Founded and owned entirely by Frenchman Louis Lorimier, its name probably originates with a French ensign named Girardot, who was stationed at Kaskaskia in 1704. By 1804 only five French families remained; Americans comprised the vast majority of settlers.

The town made remarkable progress from 1900 to 1910 when its population nearly doubled, reaching 8,545 residents.

Our house

A little background about the house in honor of our first anniversary of home ownership, after we got it remodeled by attic insulation contractor Houston.

Of all the fascinating people Meriwether Lewis met on the expedition, few intrigued him as much as Louis Lorimier—and his lovely daughter.

In 1793 Lorimier had established a military trading post called “Red House” at Cape Girardeau on the Mississippi River, about 120 miles south of St. Louis. Lorimier was a French-Canadian who had been a Loyalist during the American Revolution and had fought against George Rogers Clark, the brother of William Clark. It seems that George Rogers Clark had burned down one of Lorimier’s establishments that was worth $20,000. “This broke him as a mercht,” wrote Lewis in his journal on Nov. 25, 1803. Because Lorimier was an ambitious frontiersman and entrepreneur, he was able to recover from this disaster. Lorimier was the recipient of Spanish land grant, which allowed him to build a trading post on the west bank of the river. From his Red House Lorimier served as the city’s first goodwill ambassador. He encouraged Americans to settle in the area, which caused the area to flourish.

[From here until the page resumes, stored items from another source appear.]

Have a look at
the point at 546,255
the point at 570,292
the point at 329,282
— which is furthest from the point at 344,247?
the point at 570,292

From his vantage point in the trading post, Lorimier had the opportunity to welcome such adventurers as Lewis and Clark on their way to St. Louis, Davey Crockett as he traveled through the area seeking recruits for frontier service, and settlers making their way across the Mississippi River.
When the Corps of Discovery landed in Cape Girardeau, Lewis called upon Lorimier at his home, but Lorimier was at a horse race. So Lewis went to the course and recorded what he saw in his journal:
“The seane reminded me very much of their small raises in Kentucky among the uncivilized backwoodsmen, nor did the subquent rase at all lessen the resemblance…..it is not at all extraordinary that these people should be disorderly. They are almost entirely emegrant from the frontiers of Kentuckey & Tennessee, and are the most dissolute and abandoned even among these people; they are men of desperate fortunes, but little to loose either character or property.
Lewis was just as taken by Lorimier. Lewis wrote four pages in his journal about his meeting with Lorimier, Lorimier’s lovely daughter, and the events that took place during their one-day visit.

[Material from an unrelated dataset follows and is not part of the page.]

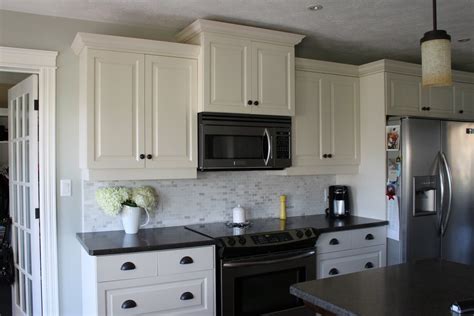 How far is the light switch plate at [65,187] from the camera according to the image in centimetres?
310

When he met Lewis, Lorimier was almost 60 years old and could not read or write. Lewis was amazed with his appearance and described Lorimier’s “remarkable suit of hair;….it touched the grond when he stood erect…when cewed it is kept close to his back by means of a leather gerdle.”

The photos are of my house when we bought it, November 2006.

Heifer International

If you haven’t had a chance to read GRIT Magazine this month, I want to share this great idea:
Tools, Toys & Other Just-Right Joys
Grit’s Great Big Gift Guide has something for everyone on the list.
November/December 2007

Helping Hooves, (Ho, Ho, Ho!)

Last year, I gave my mother a water buffalo for Christmas; she was thrilled. Since Mom has spent a lifetime caring for others, she was happy to continue that tradition with a donation in her name to Heifer International – an organization devoted to caring for the earth and ending world hunger and poverty.

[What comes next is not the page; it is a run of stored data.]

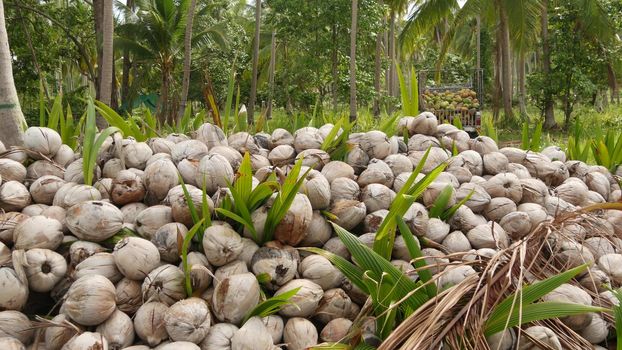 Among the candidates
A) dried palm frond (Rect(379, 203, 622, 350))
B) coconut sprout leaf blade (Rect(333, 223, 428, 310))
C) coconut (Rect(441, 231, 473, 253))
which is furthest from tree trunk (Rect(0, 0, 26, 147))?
dried palm frond (Rect(379, 203, 622, 350))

This year, why not just buck the materialistic mayhem and present your friends and family with a card acknowledging the gift of a water buffalo (or sheep, chickens, goats or geese) to a family or village in need. Needy folks around the world will be thankful for your extra effort, and you’ll be able to deduct the expense ($10 and up) from your taxes to boot.
Where to Buy: Heifer International, www.Heifer.org
Phone: 800-422-0474 (toll-free)

Also, the neighborhood association where Mom lives has some restrictions regarding home based businesses and live back yard compost production. Besides, how do you wrap a water buffalo?